LINCOLN PARK — The Chicago History Museum asked the city to give it an assignment this fall.

The Chicago History Bowl project is the first effort of its kind in the country to allow the public to choose an exhibit at a museum.

"We said to ourselves, instead of hiring someone to tell us what people want, why don't we just go to the people directly?" museum President Gary Johnson said.

About 550 Chicagoans accepted the call and submitted a wide range of ideas for exhibits.

From those 550, two rounds of voting have whittled the field down to the top four proposals.

All Chicagoans are invited to vote on the ideas at chicagohistory.org through Sunday.

The final four ideas are Prohibition, Chicago authors, neighborhoods and architecture.

"Once we have the assignment, we will get to work and make it happen," Johnson said.

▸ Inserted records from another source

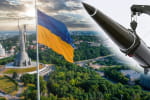 Сбиваем баллистику? Дрон-война на россии, бригады наступления уже готовы – о 435-м дне полномасштабной войны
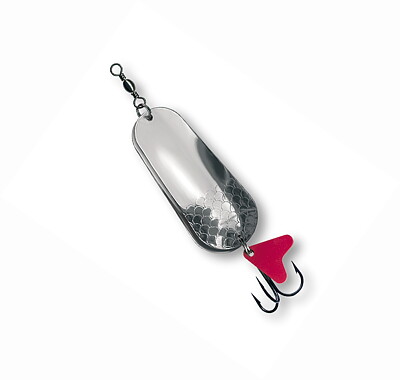 Spoon MD Duo (22g, 57mm)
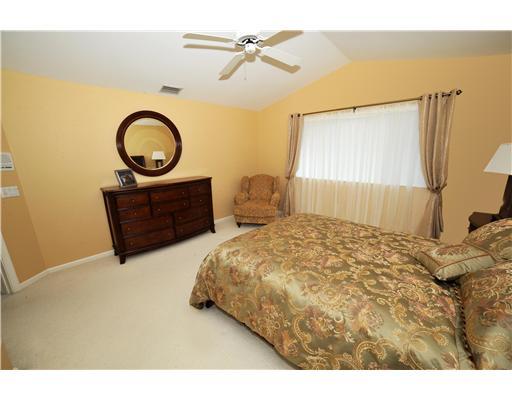 5188 Northwest 26th Circle Boca Raton, FL 33496 - Photo 11 of 19 Additional Photo
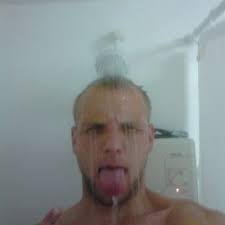 Wayne Fairless (@b039a8b168f14ae)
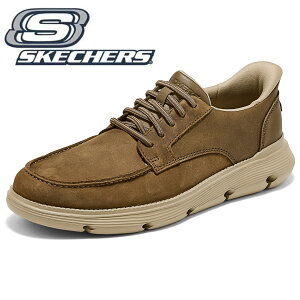 XPb`[Y XbvCY Xj[J[ Y ₷ y L Ȃ ɂ NbV ₷ EH[LOV[Y rWlX JWAV[Y s ʋ U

A Prohibition exhibit would likely focus on Chicago's infamous bootleggers, gangsters and speakeasies of the Roaring '20s.

An exhibit on the city's authors would examine Ernest Hemingway, Michael Crichton and more.

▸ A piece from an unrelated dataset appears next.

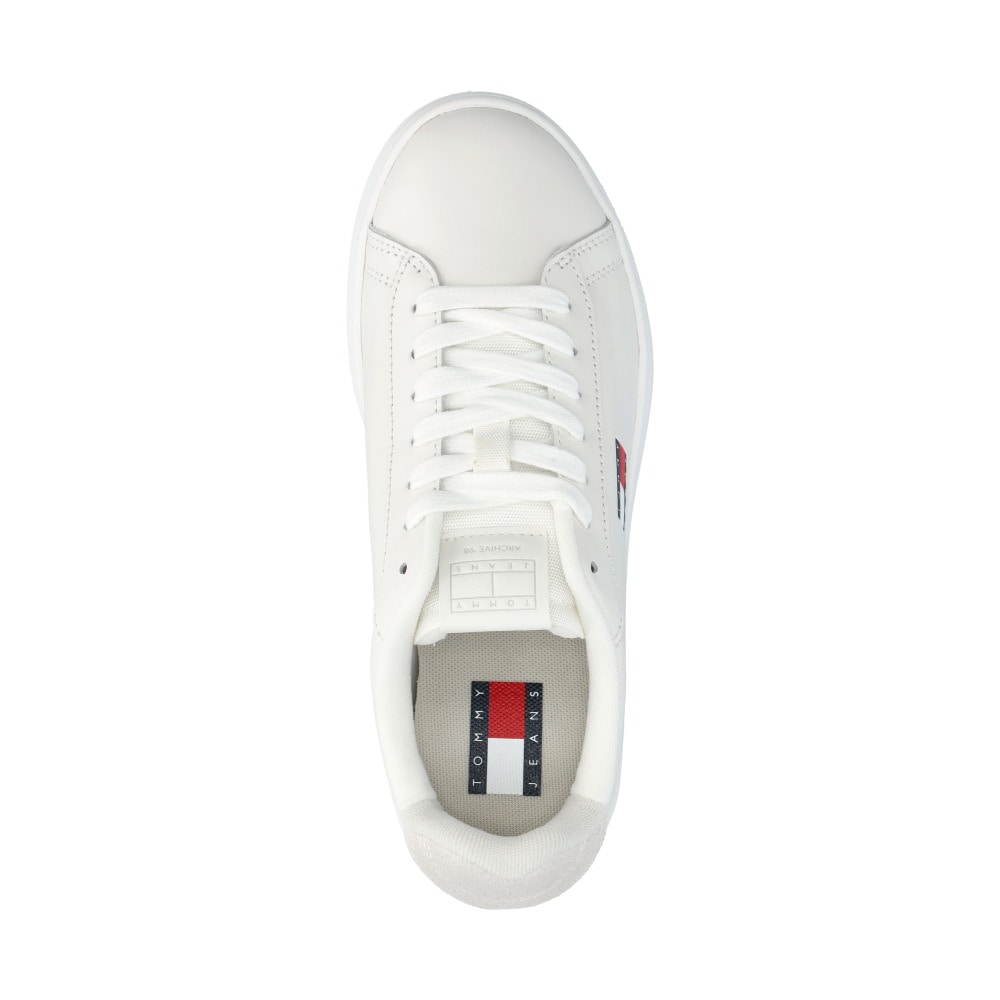 Archive 98 Sneakers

Neighborhoods are a point of pride for nearly all Chicagoans, and an exhibit on them would delve into history and culture.

An exhibit on architecture would focus on the city's famed builders such as Frank Lloyd Wright and Ludwig Mies Van Der Rohe, among many others.

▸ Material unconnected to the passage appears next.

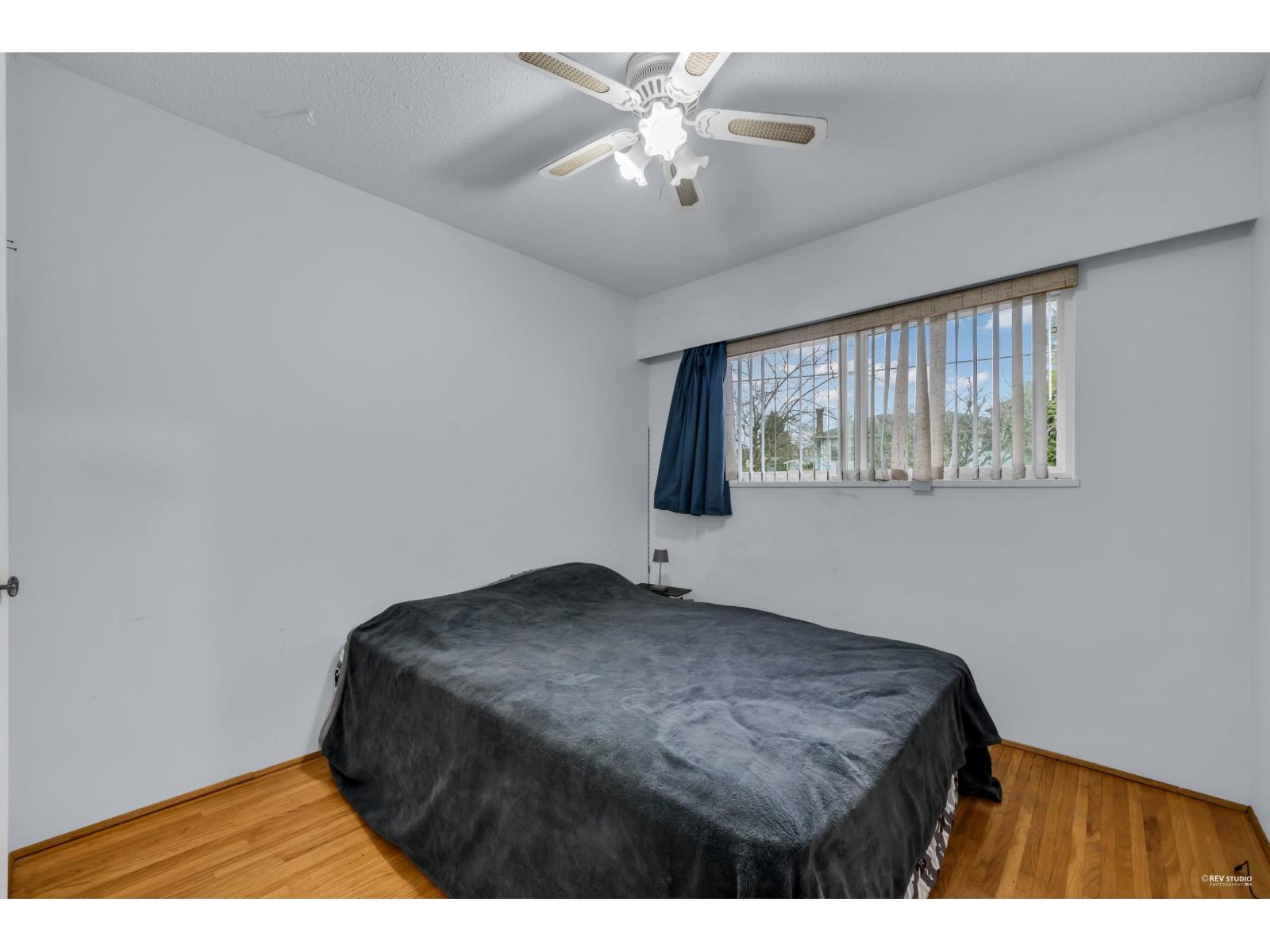 12521 Grove Crescent, Surrey, British Columbia  V3V 2L6 - Photo 31 - R3088844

"In the old way of things, museums were sort of about authority," Johnson said. "The spirit of the age is different today. It's a collaboration between our resources and what the public is interested in."

The crowdsourcing effort is the first of its kind in the United States, a fact so surprising Johnson and his staff checked with the American Alliance of Museums make sure.

Some museums have asked the public to vote on a choice of, say, three artists.

"This is the first one where it's the wide-open crowdsourcing," said Frances Hathcock, a spokeswoman for the museum.

Johnson said he hopes the effort proves to be an example for other museums to follow.

While the history museum will eventually settle on one idea for the exhibit, the other 500 or so ideas that have been submitted won't go to waste.

"The level of participation really was extraordinary and surprised us," Johnson said. "I think there's gold in some of those ideas too."